WORK TASK →
Set down, exactly as written, the lines from the line holding "Plaid Button-Up Shirt" to the end of the data, inclusive, skipping any pictures.

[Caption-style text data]
_____

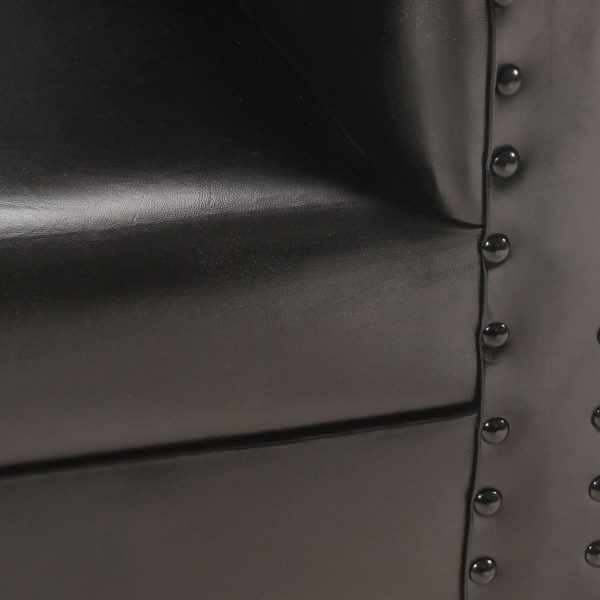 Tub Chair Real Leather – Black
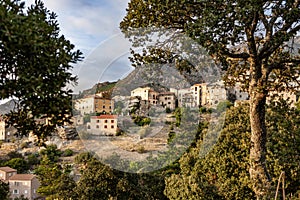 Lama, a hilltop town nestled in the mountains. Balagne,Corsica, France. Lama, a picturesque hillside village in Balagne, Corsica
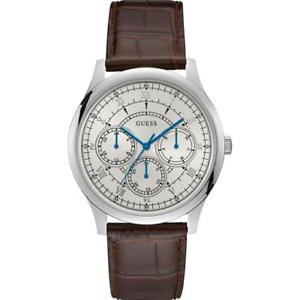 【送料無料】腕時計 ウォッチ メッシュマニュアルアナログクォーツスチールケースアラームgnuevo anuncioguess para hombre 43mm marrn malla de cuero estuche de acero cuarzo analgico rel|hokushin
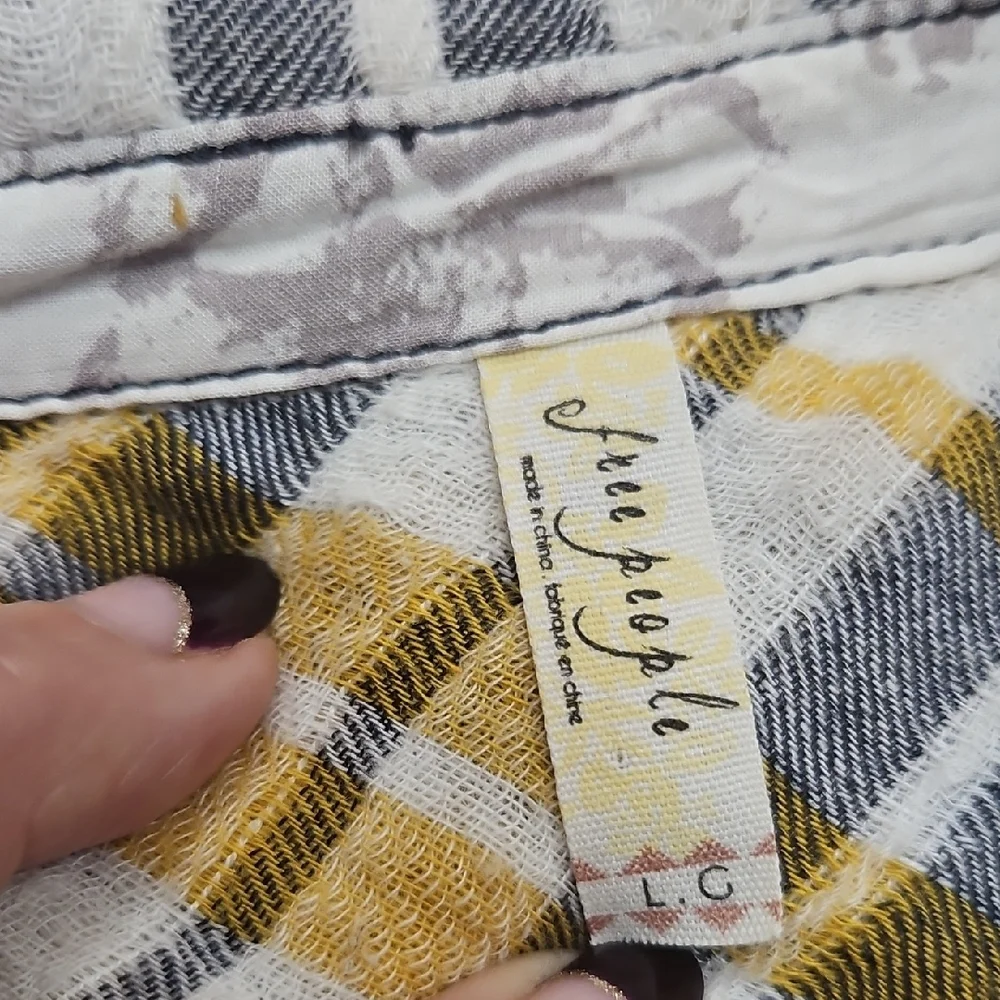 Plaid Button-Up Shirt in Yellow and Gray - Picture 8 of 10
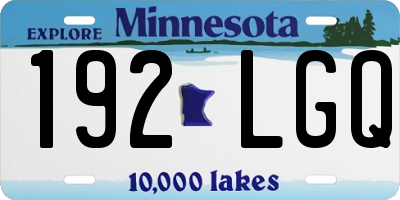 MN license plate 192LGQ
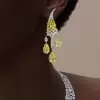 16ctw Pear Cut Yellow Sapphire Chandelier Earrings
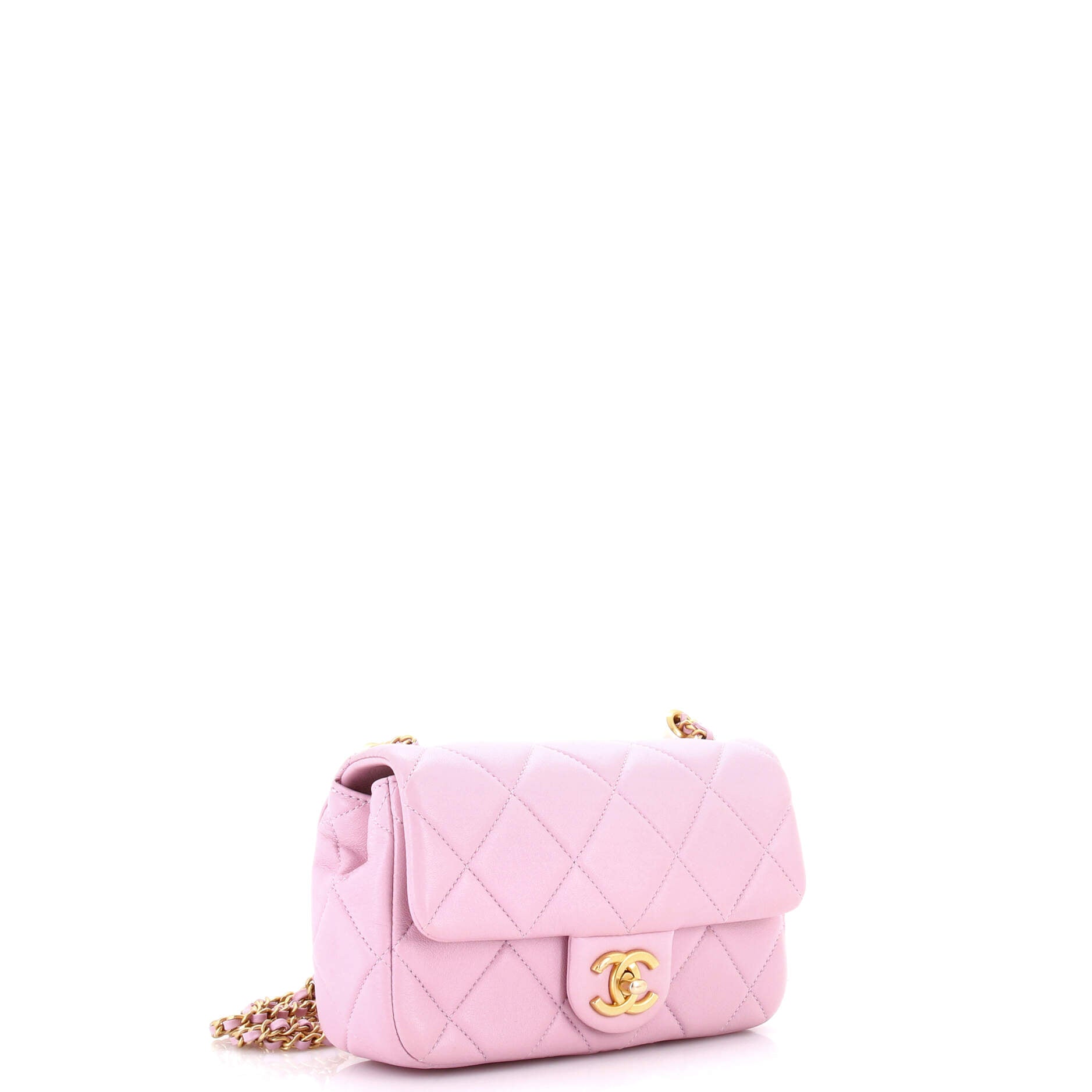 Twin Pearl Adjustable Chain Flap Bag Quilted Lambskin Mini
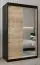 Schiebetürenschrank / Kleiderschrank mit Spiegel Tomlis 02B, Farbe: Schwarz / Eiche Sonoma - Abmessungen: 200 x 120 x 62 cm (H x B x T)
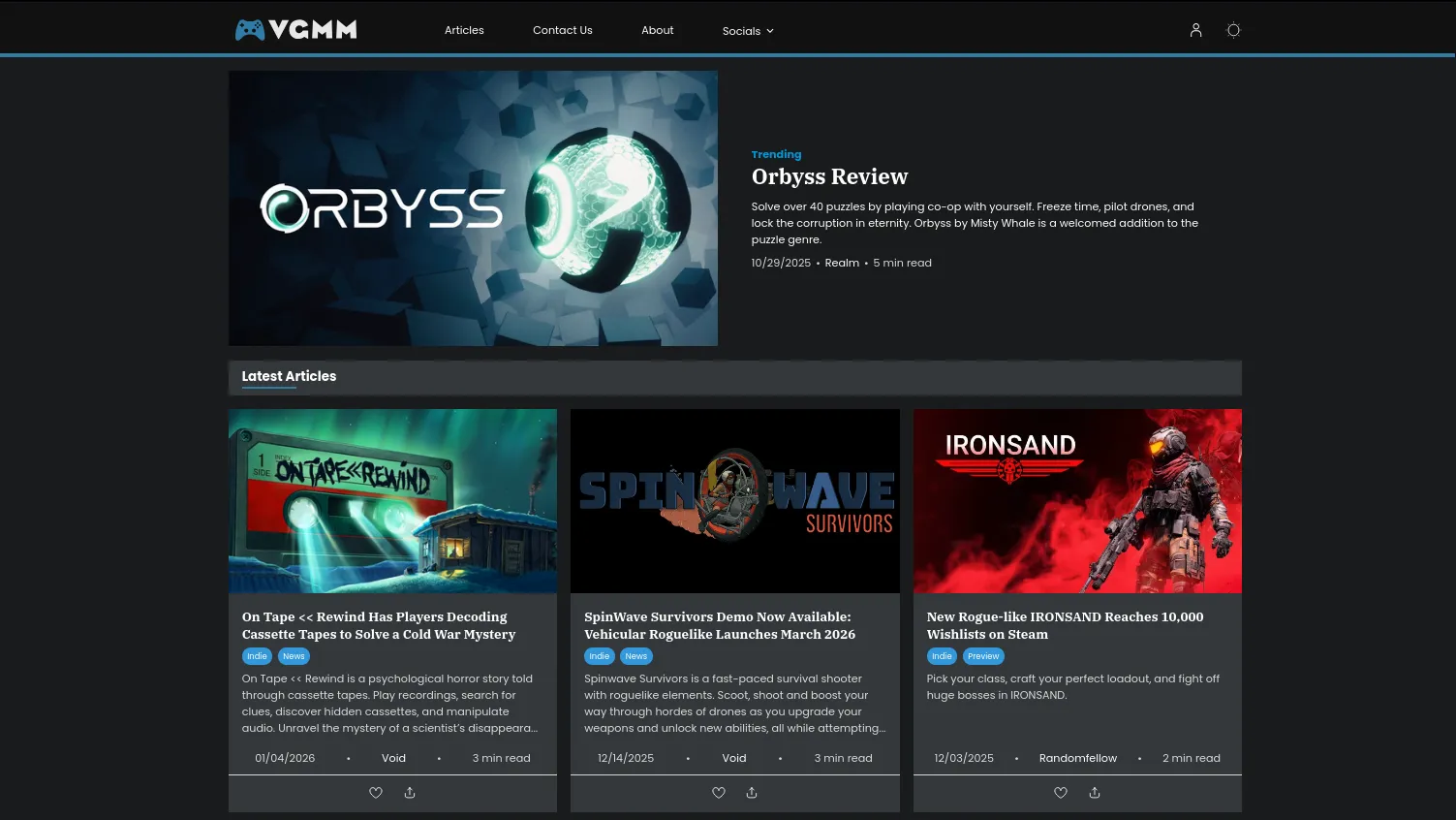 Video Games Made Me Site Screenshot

_____

FINISHED TASK →
 Plaid Button-Up Shirt in Yellow and Gray - Picture 8 of 10
 MN license plate 192LGQ
 16ctw Pear Cut Yellow Sapphire Chandelier Earrings
 Twin Pearl Adjustable Chain Flap Bag Quilted Lambskin Mini
 Schiebetürenschrank / Kleiderschrank mit Spiegel Tomlis 02B, Farbe: Schwarz / Eiche Sonoma - Abmessungen: 200 x 120 x 62 cm (H x B x T)
 Video Games Made Me Site Screenshot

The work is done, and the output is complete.